• _Your task_: Exclude the pictures, then repeat the remaining data exactly.

• _Available data_:

== Segment start ==

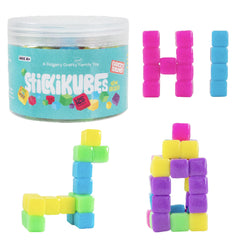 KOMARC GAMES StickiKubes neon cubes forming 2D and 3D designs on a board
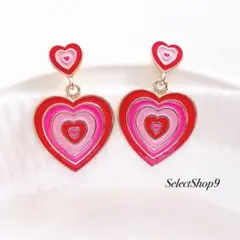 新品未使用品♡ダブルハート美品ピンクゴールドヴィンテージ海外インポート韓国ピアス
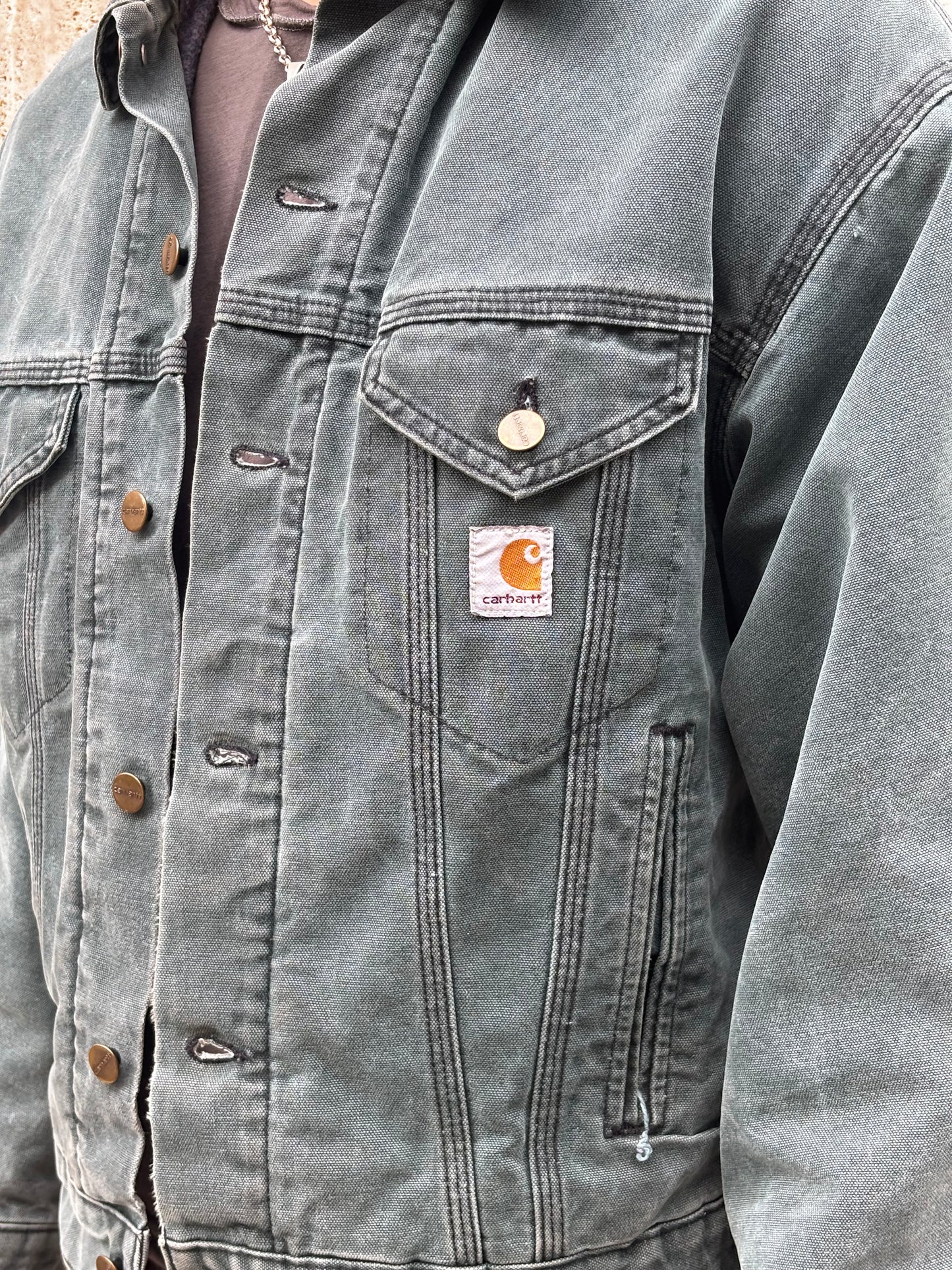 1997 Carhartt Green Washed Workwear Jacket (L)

== Segment end ==

• _Response area_:
 KOMARC GAMES StickiKubes neon cubes forming 2D and 3D designs on a board
 新品未使用品♡ダブルハート美品ピンクゴールドヴィンテージ海外インポート韓国ピアス
 1997 Carhartt Green Washed Workwear Jacket (L)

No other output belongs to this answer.